All of lore.kernel.org
 help / color / mirror / Atom feed
From: Don Dutile <ddutile@redhat.com>
To: Bjorn Helgaas <bhelgaas@google.com>
Cc: Neil Horman <nhorman@tuxdriver.com>,
	"linux-kernel@vger.kernel.org" <linux-kernel@vger.kernel.org>,
	Prarit Bhargava <prarit@redhat.com>,
	Don Zickus <dzickus@redhat.com>,
	Asit Mallick <asit.k.mallick@intel.com>,
	David Woodhouse <dwmw2@infradead.org>,
	"linux-pci@vger.kernel.org" <linux-pci@vger.kernel.org>
Subject: Re: [PATCH v6] irq: add quirk for broken interrupt remapping on 55XX chipsets
Date: Mon, 08 Apr 2013 11:29:42 -0400	[thread overview]
Message-ID: <5162E266.6080002@redhat.com> (raw)

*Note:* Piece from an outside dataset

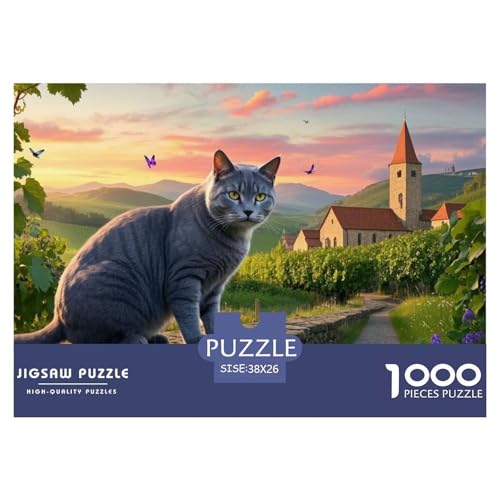 Chartreux Puzzle 1000-teilige Schwer Puzzle Spielzeug Pädagogisches Spiel Impossible Herausforderungsspielzeug Für Erwachsene Und Kinder Ab 12 Jahren 38x26cm/1000pcs Chartreux Puzzle 1000-teilige Schwer Puzzle Spielzeug Pädagogisches Spiel Impossible Herausforderungsspielzeug Für Erwachsene Und Kinder Ab 12 Jahren 38x26cm/1000pcs von DHBANEIOK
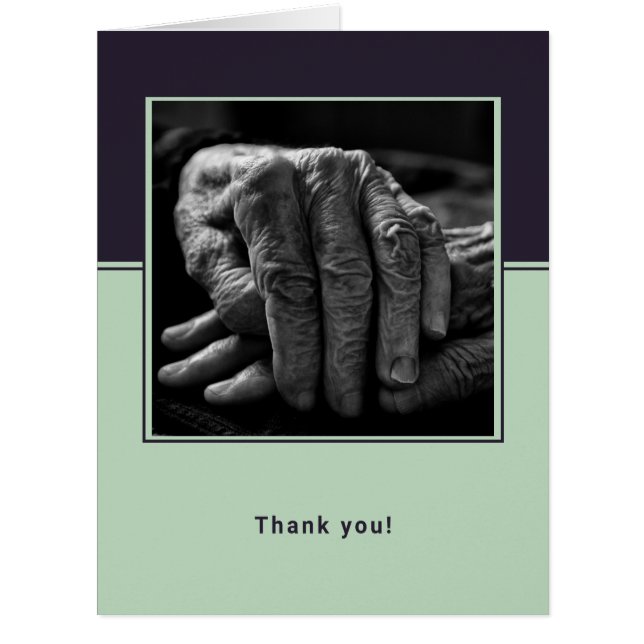 Custom Photo Aged Home Care Nurse Thank You  (Front)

In-Reply-To: <CAErSpo6z8oqiaUBCieUMsS_c5xvVFUDbHqVO_eBBde3uv2=zcg@mail.gmail.com>

On 04/05/2013 09:55 PM, Bjorn Helgaas wrote:
> On Fri, Apr 5, 2013 at 1:31 PM, Neil Horman<nhorman@tuxdriver.com>  wrote:
>> A few years back intel published a spec update:
>> http://www.intel.com/content/dam/doc/specification-update/5520-and-5500-chipset-ioh-specification-update.pdf
>>
>> For the 5520 and 5500 chipsets which contained an errata (specificially errata
>> 53), which noted that these chipsets can't properly do interrupt remapping, and
>> as a result the recommend that interrupt remapping be disabled in bios.  While
>> many vendors have a bios update to do exactly that, not all do, and of course
>> not all users update their bios to a level that corrects the problem.  As a
>> result, occasionally interrupts can arrive at a cpu even after affinity for that
>> interrupt has be moved, leading to lost or spurrious interrupts (usually
>> characterized by the message:
>> kernel: do_IRQ: 7.71 No irq handler for vector (irq -1)
>>
>> There have been several incidents recently of people seeing this error, and
>> investigation has shown that they have system for which their BIOS level is such
>> that this feature was not properly turned off.  As such, it would be good to
>> give them a reminder that their systems are vulnurable to this problem.
>
> I'd still like to mention the bugzilla URL in the changelog
> (https://bugzilla.redhat.com/show_bug.cgi?id=887006) if it can be made
> public.
>
>> ...
>
>> diff --git a/arch/x86/kernel/early-quirks.c b/arch/x86/kernel/early-quirks.c
>> index 3755ef4..bfa3139 100644
>> --- a/arch/x86/kernel/early-quirks.c
>> +++ b/arch/x86/kernel/early-quirks.c
>> @@ -192,6 +192,27 @@ static void __init ati_bugs_contd(int num, int slot, int func)
>>   }
>>   #endif
>>
>> +#ifdef CONFIG_IRQ_REMAP
>> +static void __init intel_remapping_check(int num, int slot, int func)
>> +{
>> +       u8 revision;
>> +
>> +       revision = pci_read_config_byte(num, slot, func , PCI_REVISION_ID);
>> +
>> +       /*
>> +        * Revision 0x13 of this chipset supports irq remapping
>> +        * but has an erratum that breaks its behavior, flag it as such
>> +        */
>> +       if (revision == 0x13)
>> +               irq_remap_broken = 1;
>> +
>> +}
>> +#else
>> +static void __init intel_remapping_check(int num, int slot, int func)
>> +{
>> +}
>> +#endif
>> +
>>   #define QFLAG_APPLY_ONCE       0x1
>>   #define QFLAG_APPLIED          0x2
>>   #define QFLAG_DONE             (QFLAG_APPLY_ONCE|QFLAG_APPLIED)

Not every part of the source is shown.